» Activity
Take from the entries below the stretch from the line with "ファッションCASIO G-SHOCK GW-5000 メタルバンド" through the line with "Düsseldorf - T-shirt", and return it exactly, leaving the pictures out.

» Material provided
★ ★ ★

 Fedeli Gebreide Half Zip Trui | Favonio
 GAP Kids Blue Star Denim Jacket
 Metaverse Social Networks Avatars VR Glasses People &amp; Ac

★ ★ ★

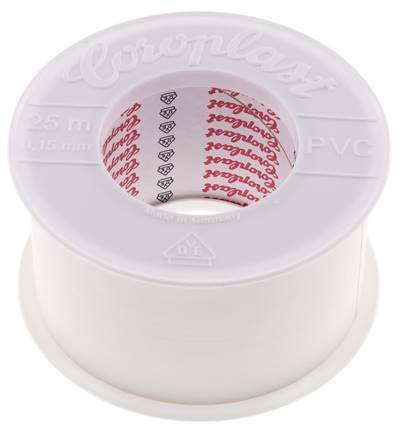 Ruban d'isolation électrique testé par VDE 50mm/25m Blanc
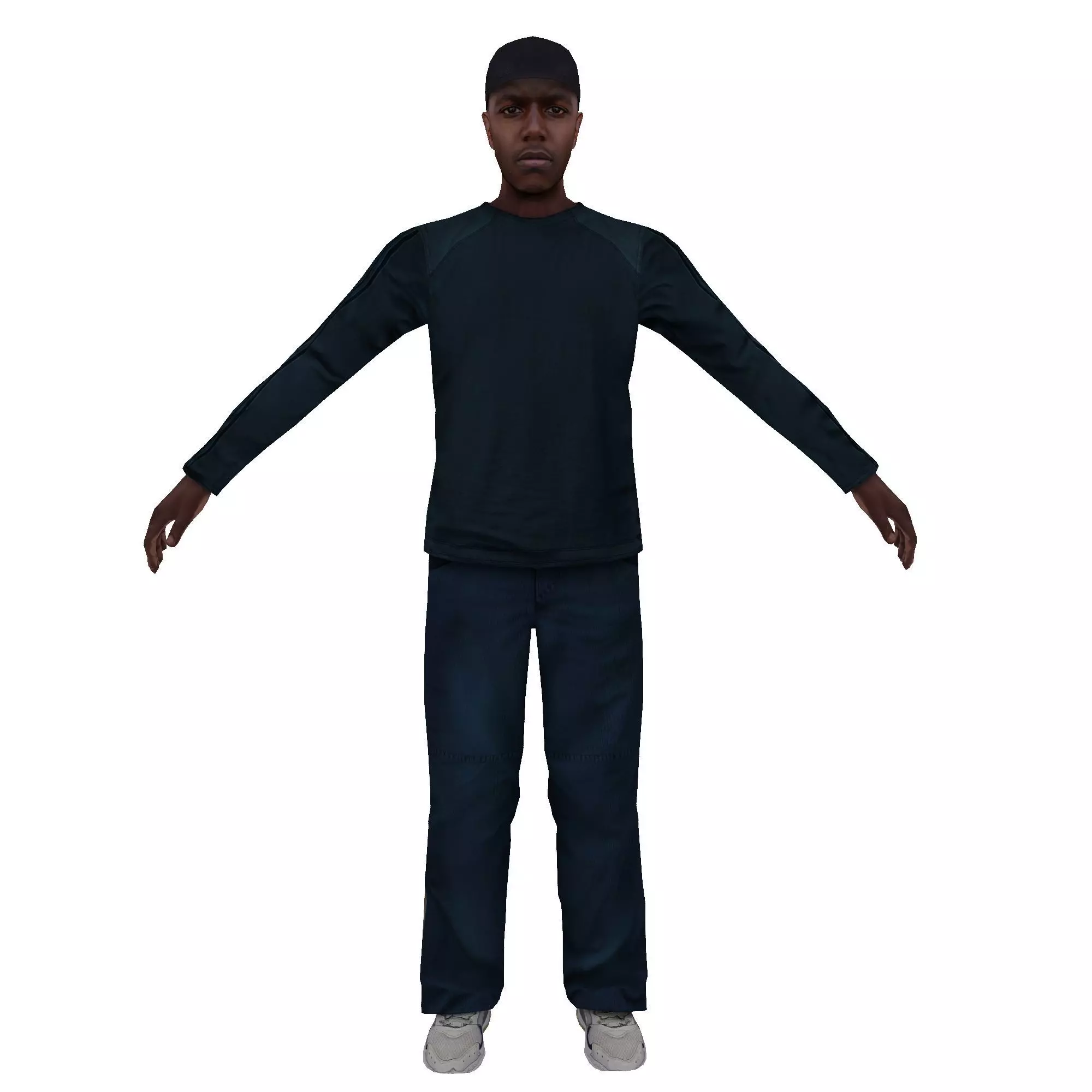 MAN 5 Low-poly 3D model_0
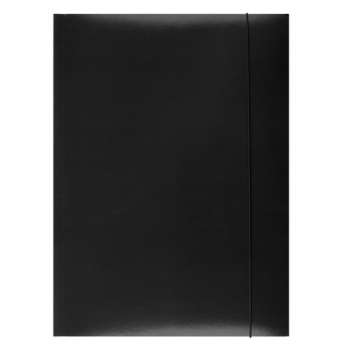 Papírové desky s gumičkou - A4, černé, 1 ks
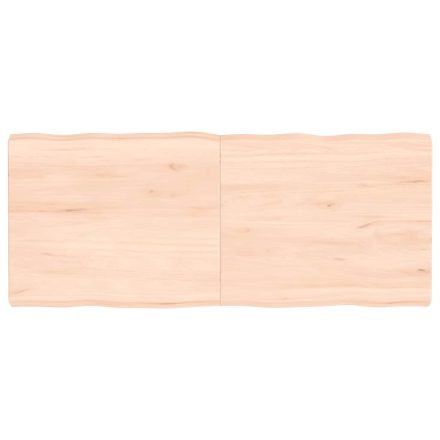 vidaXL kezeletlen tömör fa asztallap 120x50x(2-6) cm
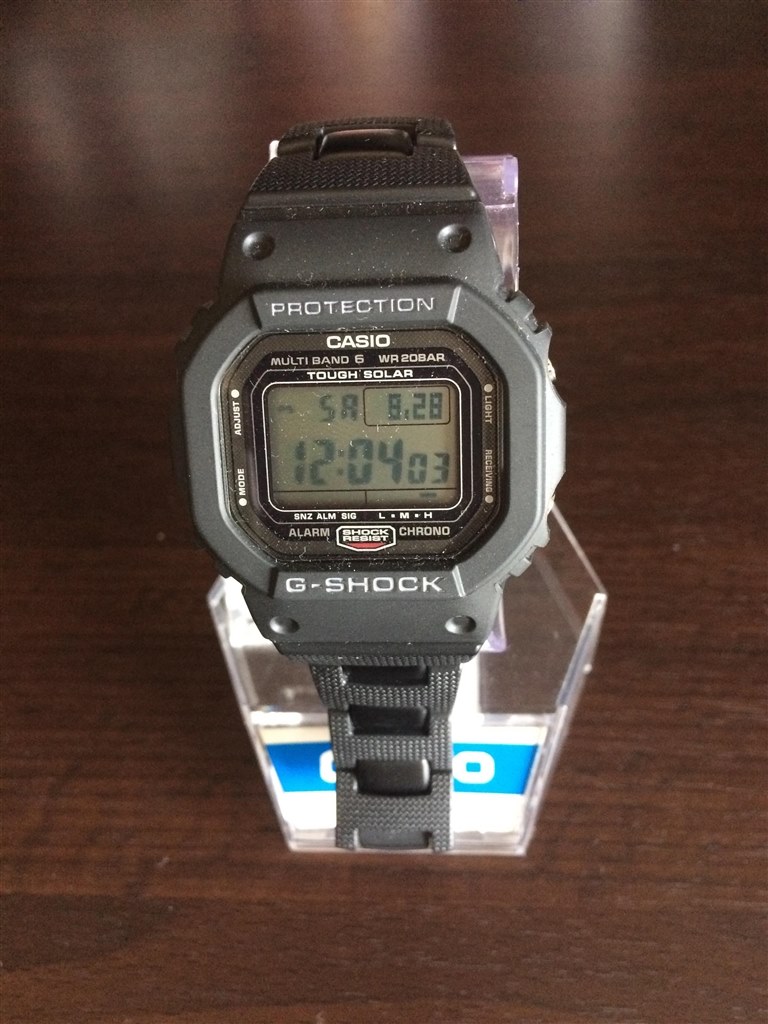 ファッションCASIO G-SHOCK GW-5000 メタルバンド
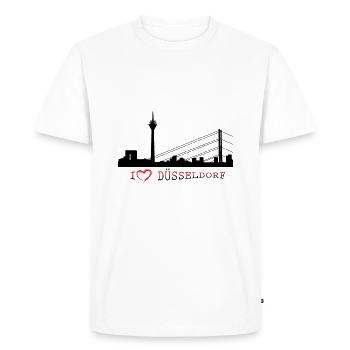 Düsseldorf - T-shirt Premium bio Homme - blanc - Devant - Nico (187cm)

★ ★ ★

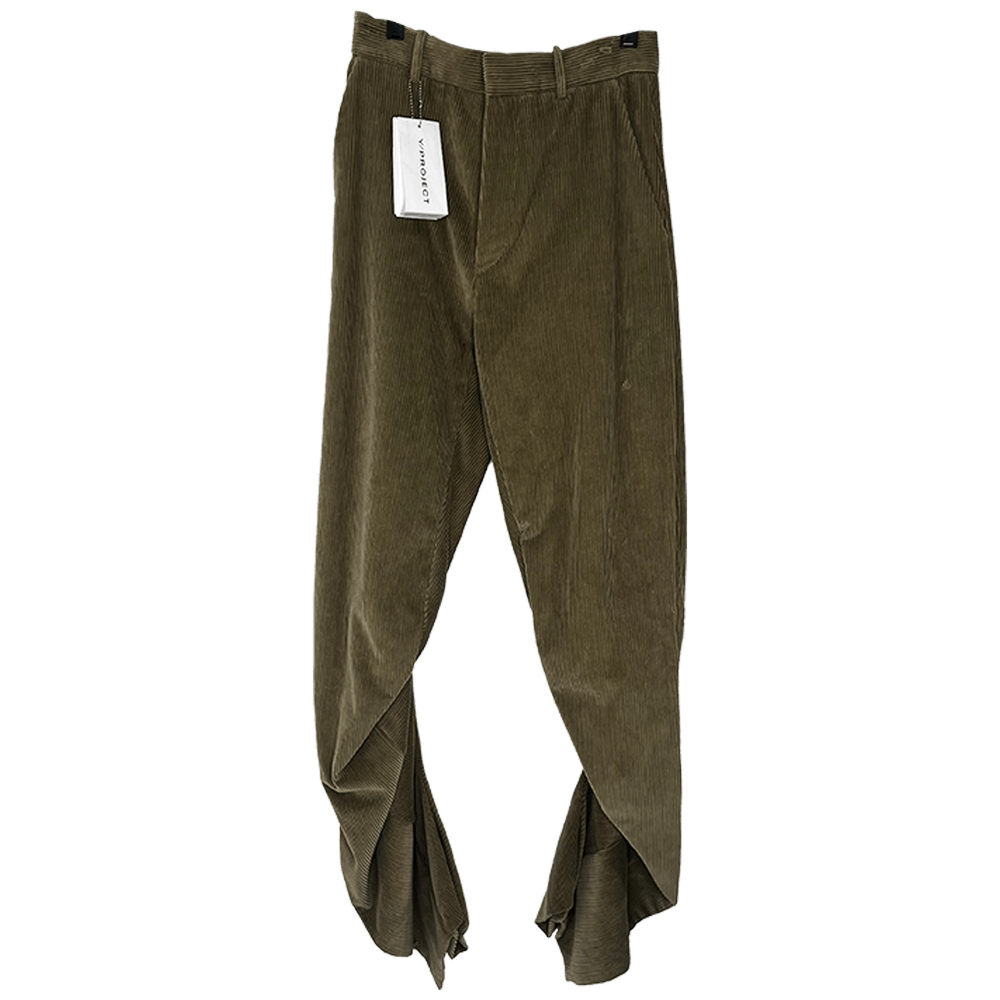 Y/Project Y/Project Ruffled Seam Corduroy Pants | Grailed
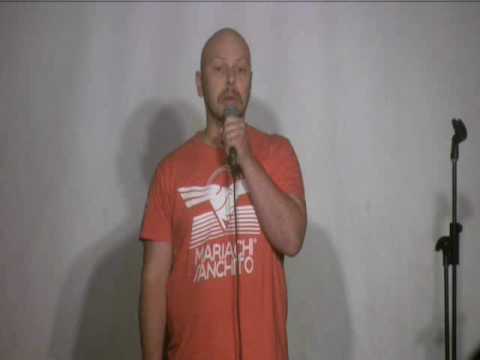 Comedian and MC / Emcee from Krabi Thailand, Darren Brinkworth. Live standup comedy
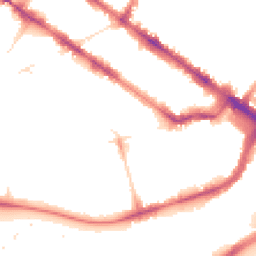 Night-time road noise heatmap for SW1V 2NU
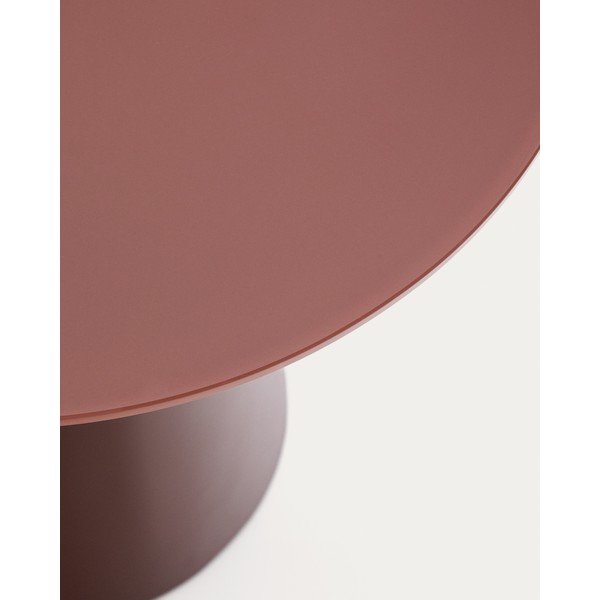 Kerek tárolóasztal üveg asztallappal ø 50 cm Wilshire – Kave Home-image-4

★ ★ ★

» Exercise response
 ファッションCASIO G-SHOCK GW-5000 メタルバンド
 Düsseldorf - T-shirt Premium bio Homme - blanc - Devant - Nico (187cm)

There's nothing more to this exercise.